Interesting article, but I take issue with this notion:

The new thinking is that drinks should be kept as strong as possible. Dilution has become a dirty word.

Proper dilution is part of the process, no? I'd think that over dilution would be the dirty word(s).

"Martinis should always be stirred, not shaken, so that the molecules lie sensuously one on top of the other." - W. Somerset Maugham

Posted

Yeah, as I commented at the bottom, they all look to be about 25% dilution, which is the standard. No one seems to be freezing their booze....

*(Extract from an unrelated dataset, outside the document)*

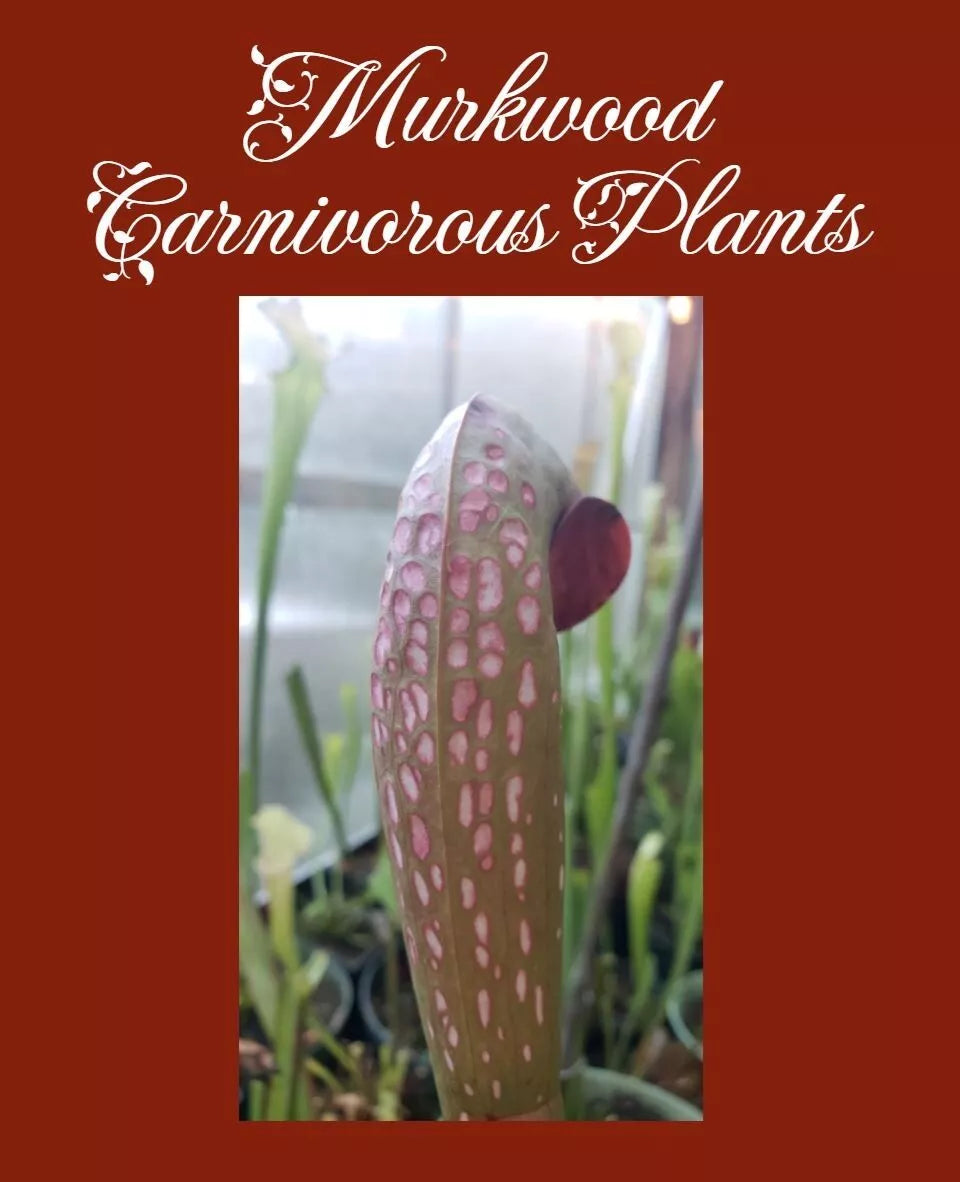 Live Pitcher Plant - Sarracenia Minor GIANT Okeefenokeensis Clone J Red Window Carnivorous Plant for Home Garden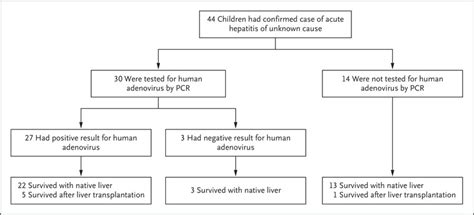 Clinical Spectrum Of Children With Acute Hepatitis Of Unknown Cause Nejm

Tom Schlesinger-Guidelli has an interesting question in there too: why no fine straining?

Chris Amirault

eG Ethics Signatory

Sir Luscious got gator belts and patty melts

  • 3 weeks later...
Posted

The Sept issue of Food Arts magazine includes a lengthy article on freezing techniques, by Dave Arnold and mixology expert Nils Noren. I summarized the section on cocktail ice over here.

The article includes a great analogy from Don Lee: “If sushi is all about the rice, a drink on the rocks is all about the rock.”

  • 3 weeks later...
Posted (edited)

I picked up these nifty ice ball molds which make three 2 1/4" spheres last week at a shop in Little Tokyo. Not bad for $1.99!

Ice Ball.jpg

Edited by jmfangio (log)

"Martinis should always be stirred, not shaken, so that the molecules lie sensuously one on top of the other." - W. Somerset Maugham

  • 1 month later...
Posted

While not immediately relevant to the use of ice in cocktails, this is becoming equally annoying as it is fascinating:

gallery_64636_6731_26761.jpg

Seems to happen once every few trays, and only to one cube at that. The above example is particularly thick, but they sometimes manifest as far sharper 'needles'.

Any ideas on what could cause this strange phenomenon?

I'm now seeing these pretty regularly, although I don't find it annoying. I can never decide whether to save them or use them.

Posted

I've only see them in my freezer at work (and with some frequency), but then there is a confounding variable because I tend to use DI water rather than tap there. Don't know if that might have any effect on the likelihood of their forming.

 

  • 2 weeks later...
Posted

I had to crack about one hundred cubes (made with these Tovolo trays) for class yesterday, and after freezing cubes to skin a bit too often I learned that the following approach is an efficient way to crack these big cubes. Perhaps it's obvious to some but it was news to me, so I'm sharing it here:

  • Fold a clean dish towel into a 6"x6" square.
    Place five or six cubes in two rows onto the towel.
    Whack the cubes with the convex back of a tablespoon (more effective than the handle of a barspoon, I found).
    Dump into a bowl.

There's something about the towel that allows you to keep the ice relatively dry and cold, making the dump less sticky. In addition, the rate of effective cracking was nearly 100% using this method, as opposed to 50-60% when in my bare hand.

Chris Amirault

eG Ethics Signatory

Sir Luscious got gator belts and patty melts

Posted

I'm working on an ice program just now for a consultancy and have had a lot of success using this as a cubed ice mould tray. The cubes come out at around 2" square.

Alternatively I've had success with similar organising trays which you'd find in toolshops, fishing tackle shops and the like.

Experimenting with other alternative moulds at the moment, will post when I have positive results.